I am Not Fucking inTerested in NFTs, nor the hyperbolic discourse that has emerged around them in recent months, as I’m sure by now neither are you. Are NFTs democratising digital ownership? Are they enabling creators to cash in on their influence? Is this a new creative economy? Is this the Future of Art™?
I have very little interest in attempting to answer these questions, which I believe to be purposefully loaded and essentially bad faith. I am very interested, however, in the ways that platforms & contexts impact creative output and vice versa - from the totalitarianism of millennial minimalism to the consciously conditioned ‘chaos’ of the Gen Z aesthetic playbook. When it comes to good ol’ non fungibles, I’m more concerned with the big hitting questions, such as: why do all NFTs look like that?
[Beeple exhibition, shared by Vox]
The aesthetic of a typical NFT is something like this: slick, 3D, weightless, consciously digital, elaborately textured, futuristic, retrofuturistic, manufactured, fractured, glitching, abstract, illuminated, lucid, looping. It’s not for nothing that these words are easily converted into hashtags, optimised for an online marketplace.
The recent Chadwick Boseman NFT by artist Andrea O’Shea, controversially given to Oscar attendees in their gift bags this year, is a stereotypical example of the visual genre:
Gold! Ferns! Stars! Plinths! 360 degree rotation! Lo-fi hip-hop beats!
NFTs are art for an age in which artists are ‘creators’ and art is ‘content.’ They are a self-conscious flex of the animator’s standard Adobe plugin toolkit: drop shadows, bevelling, rotated light sources, texture packs etc. They’re iOS desktop backgrounds or elaborate fancam edits made by dexterous teenagers.
They look like something you’d be served on your Instagram explore page by one of those weird Russian bot accounts that post looped 3D ASMR animations they’ve ripped from Pinterest. They look like an asset you might feasibly have outsourced from an underpaid subcontractor three timezones away on Fiverr (it’s almost too perfect that the Boseman NFT licensed a pre-existing model of Chadwick’s head rather than make one from scratch).

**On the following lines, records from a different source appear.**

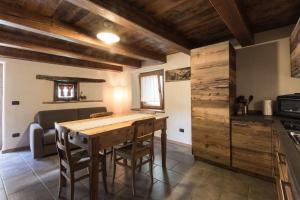 a kitchen with a wooden table in a room at Vecchio Fienile in Aosta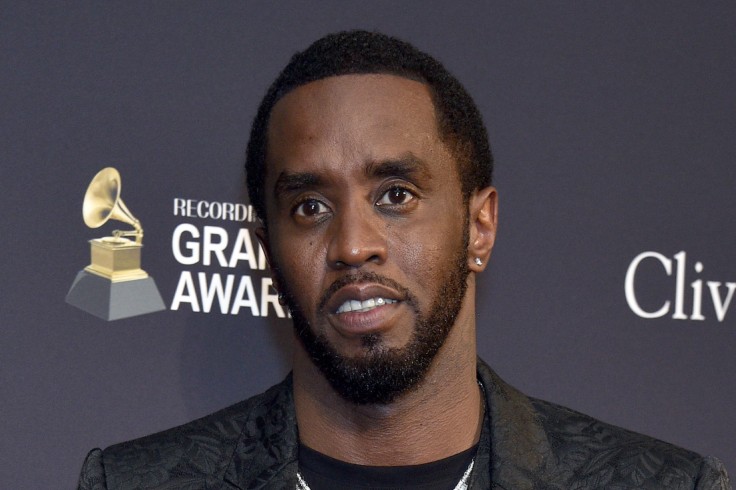 Go-go dancer accuses Diddy of forcing "sex slaves" to wear...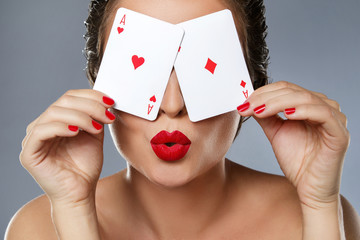 Wall Mural - Woman with red lips is holding two aces in her hands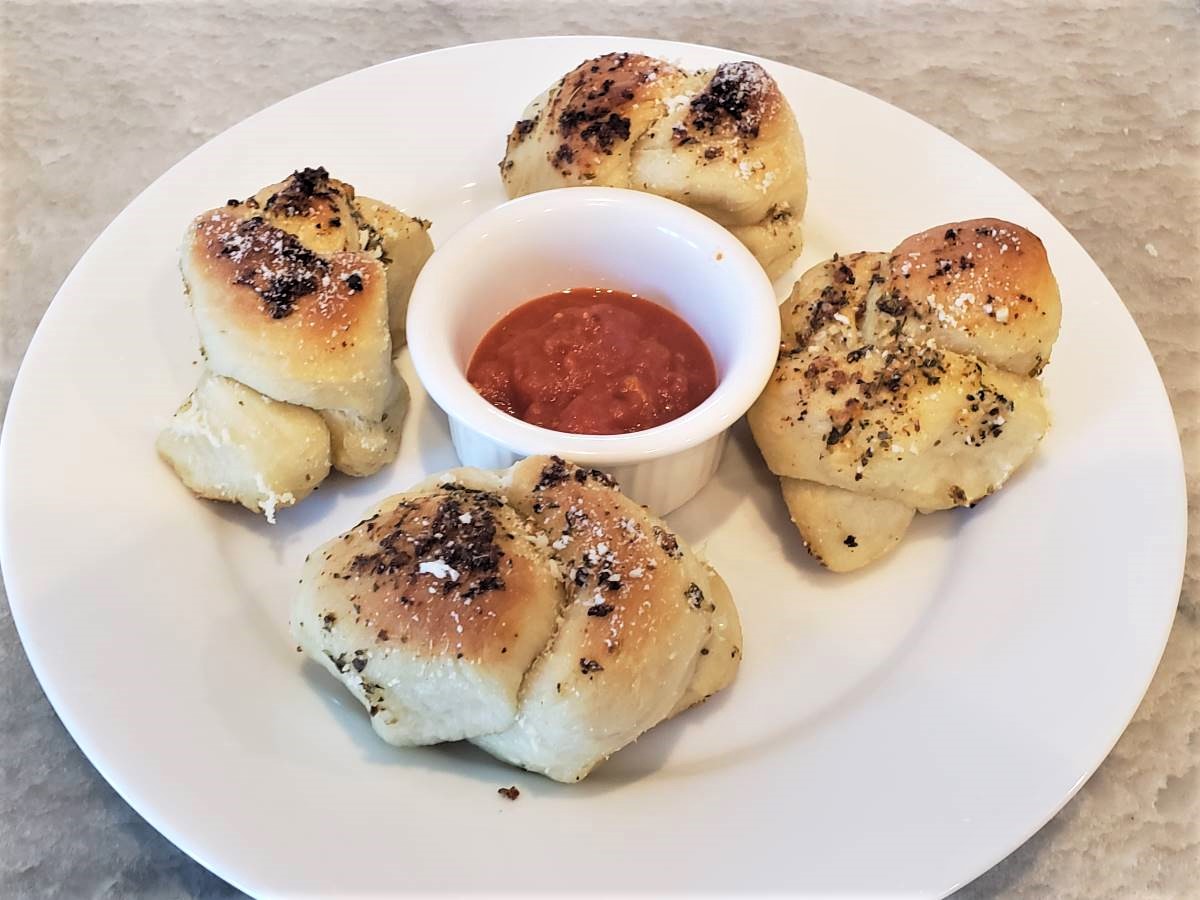 4 garlic knots on a plate with marinara dipping sauce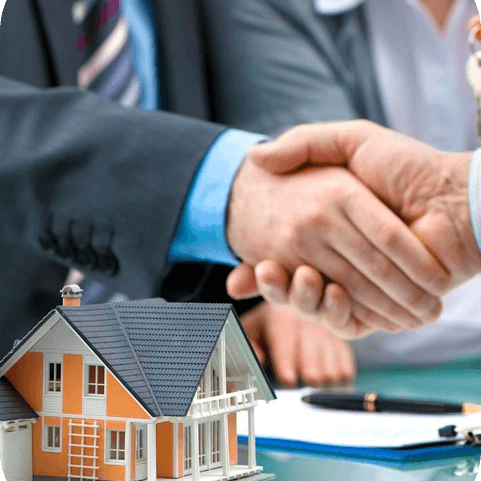 Estate agent shaking hands with customer after contract signature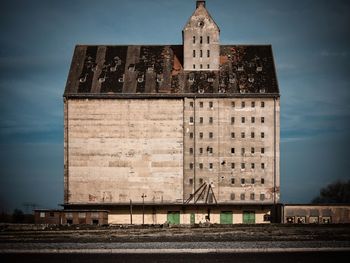 View of building against cloudy sky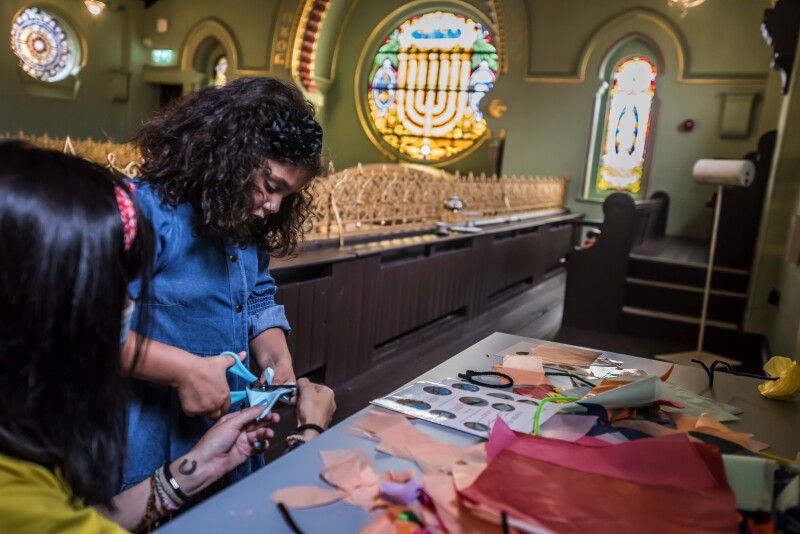 A young girl with brown, curly hair and a blue dress is cutting colourful paper with scissors, while a young woman with black hair and a yellow T-shirt assists her. They are in a synagogue, there's a round stain glass window with a menorah behind them.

The art analytics blog ArtNome shared a handy graph that compared NFT views vs sales price on marketplace SuperRare, in a post that investigates the relationship between online influence metrics and market value. (Hint: they’re more than a little related.) It’s a really great piece of research and you should read it. But what I was personally fascinated by was the particular use of descriptive tag, which reinforced my suspicions about the prevailing NFT aesthetic:
‘Trippy’, ‘render’, ‘surreal’, ‘scifi’, ‘3D’ - @jerrysaltz will soon be out of a job!
So why is the aesthetic of NFTs significant? (They’re investment vehicles for financial speculation and money laundering! Their look is essentially irrelevant!) There are a few reasons why I think considering their appearance still holds value:
It represents a collective effort to imagine what the future might look like.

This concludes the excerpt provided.